### What is being asked
The entries below should be given again exactly, minus their pictures.

[Crawled caption data]

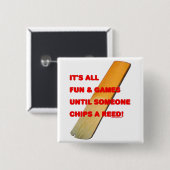 リードを欠いて下さい 缶バッジ (正面&裏面)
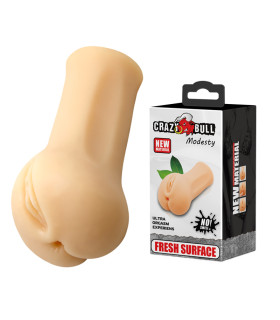 Мастурбатор реалистичный вагина Baile бежевый, 14.6 х 8 см - No Taboo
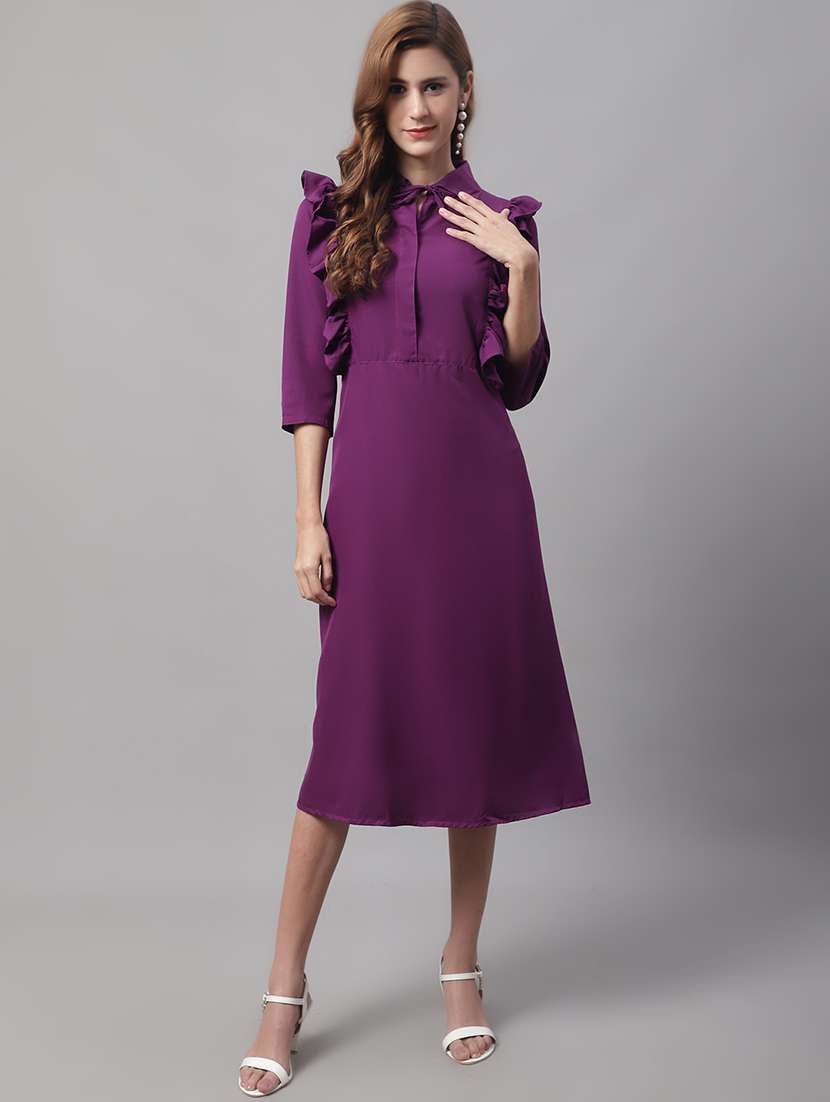 women's  solid dress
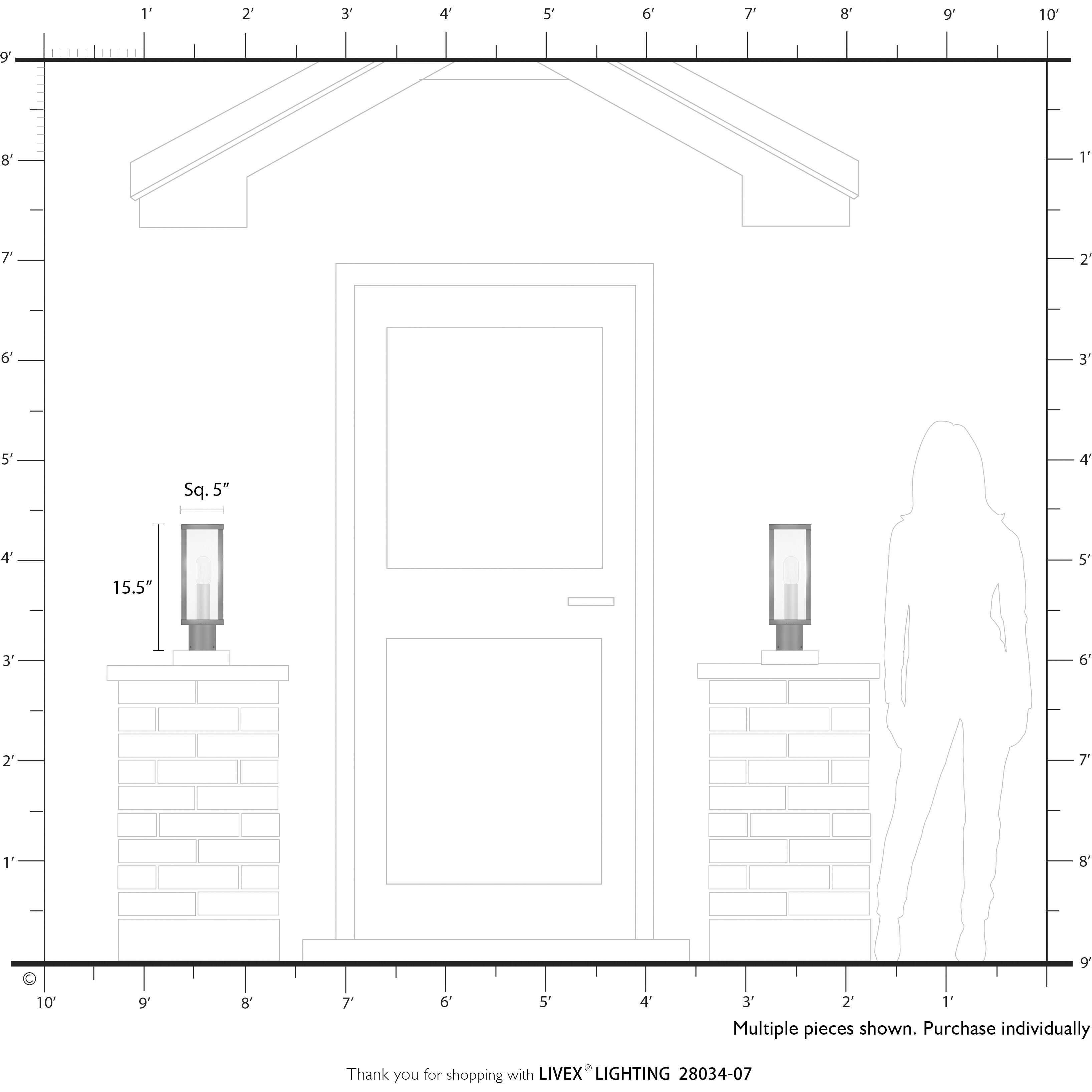 Gaffney 1 Light 15.5 inch Bronze with Antique Gold Finish Accents Outdoor Post Top Lantern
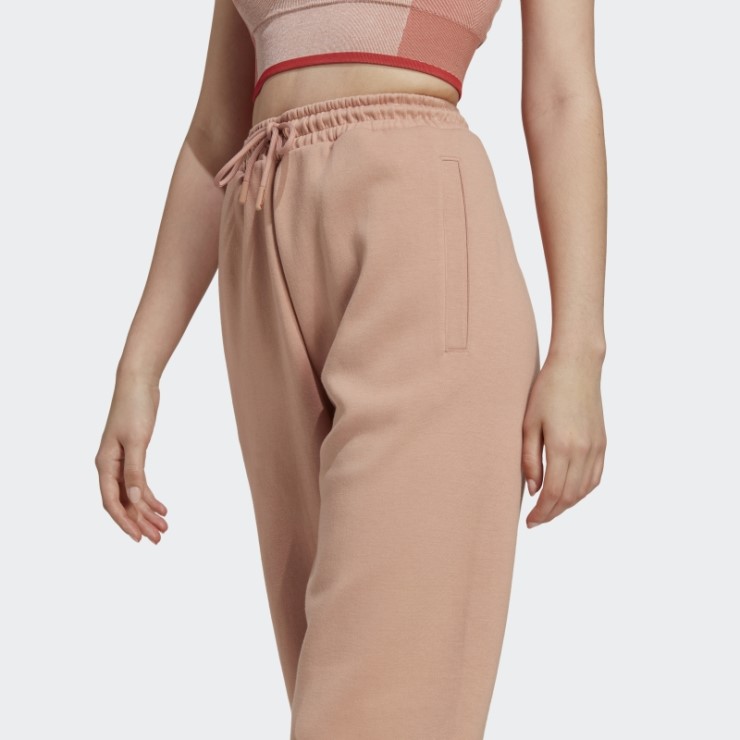 Adidas By Stella Mccartney Pantalones De Chándal Almendra Suave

### Output for this exercise
 リードを欠いて下さい 缶バッジ (正面&裏面)
 Мастурбатор реалистичный вагина Baile бежевый, 14.6 х 8 см - No Taboo
 women's  solid dress
 Gaffney 1 Light 15.5 inch Bronze with Antique Gold Finish Accents Outdoor Post Top Lantern
 Adidas By Stella Mccartney Pantalones De Chándal Almendra Suave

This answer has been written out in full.